=== Activity ===
Every line of the data should be written out exactly, with the pictures left out.

*** Data segment Section Begins ***

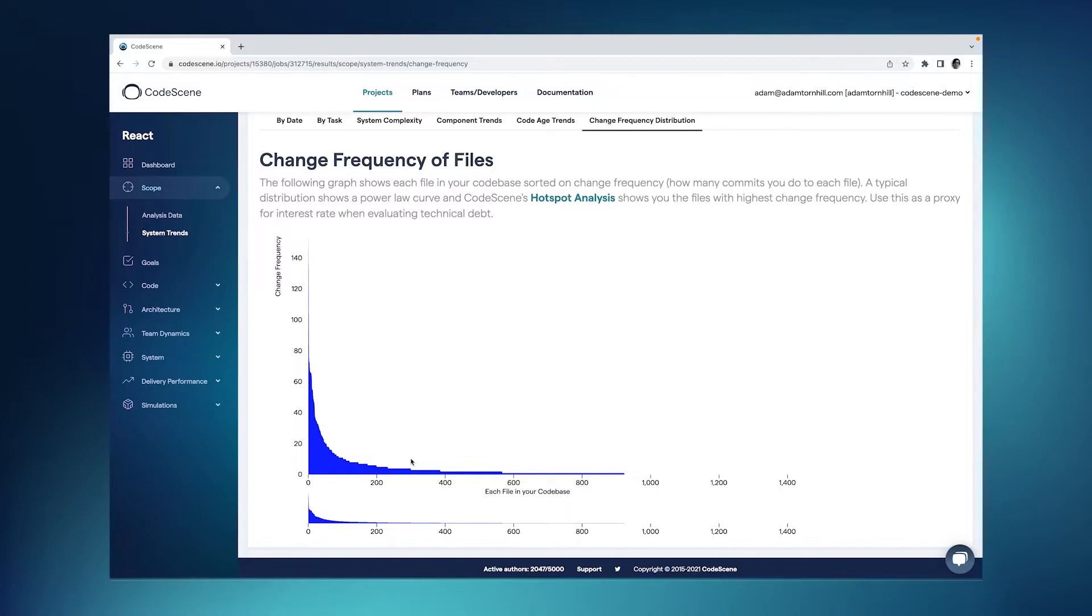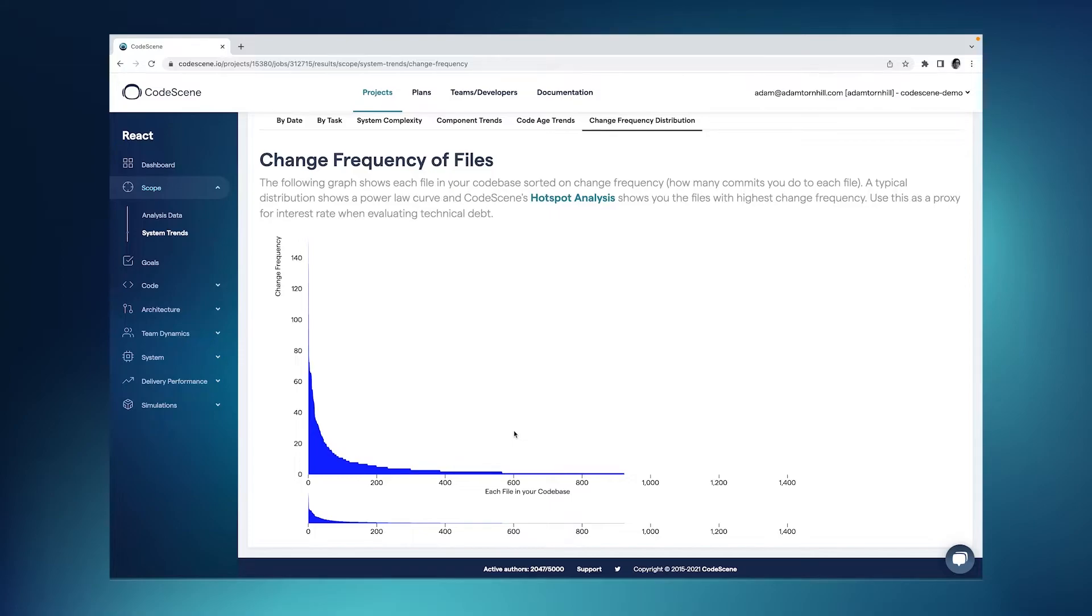What this means is that most of the code is going to be here in the long tail. So it's code that's rarely, if ever, touched. That's the part of a code where we can fairly safely live with a certain degree of technical debt, because it's low impact, it's low interest.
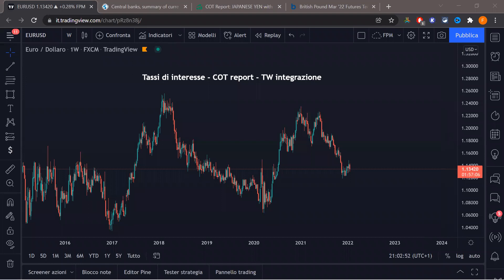Nel frattempo leggo le domande. I video vengono messi in bundle ragazzi — ad esempio alla fine di questo video vado a caricare il bundle con il video precedente che spiega da zero il COT, poi c'è quello sui tassi di interesse, il COT avanzato e l'integrazione con TradingView, in modo tale che trovate su YouTube questo programma gratuito. Il video sulla mappa della volatilità è stato fatto diverso tempo fa, non so se è stato registrato.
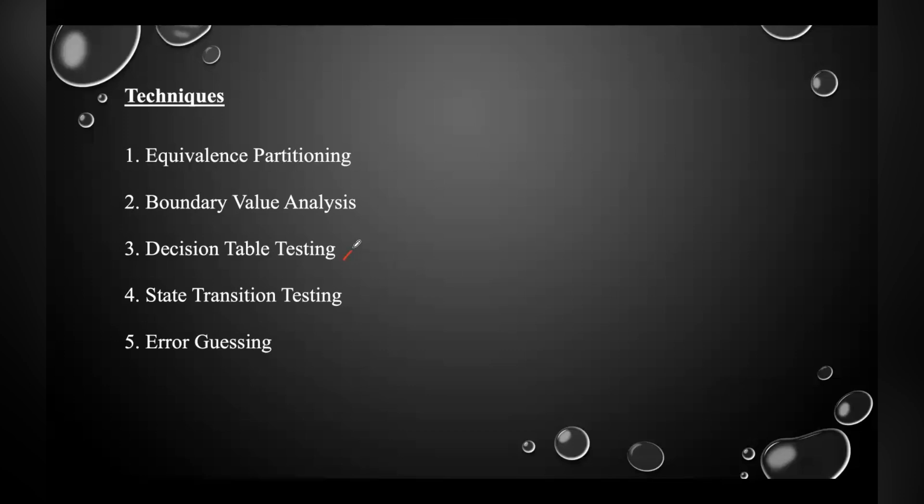The third one is decision table testing, which uses a table to represent combinations of inputs and their corresponding outputs, ensuring that all possible scenarios are covered, especially when dealing with multiple conditions.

*** Data segment Section Ends ***

=== Response area ===
What this means is that most of the code is going to be here in the long tail. So it's code that's rarely, if ever, touched. That's the part of a code where we can fairly safely live with a certain degree of technical debt, because it's low impact, it's low interest.
Nel frattempo leggo le domande. I video vengono messi in bundle ragazzi — ad esempio alla fine di questo video vado a caricare il bundle con il video precedente che spiega da zero il COT, poi c'è quello sui tassi di interesse, il COT avanzato e l'integrazione con TradingView, in modo tale che trovate su YouTube questo programma gratuito. Il video sulla mappa della volatilità è stato fatto diverso tempo fa, non so se è stato registrato.
The third one is decision table testing, which uses a table to represent combinations of inputs and their corresponding outputs, ensuring that all possible scenarios are covered, especially when dealing with multiple conditions.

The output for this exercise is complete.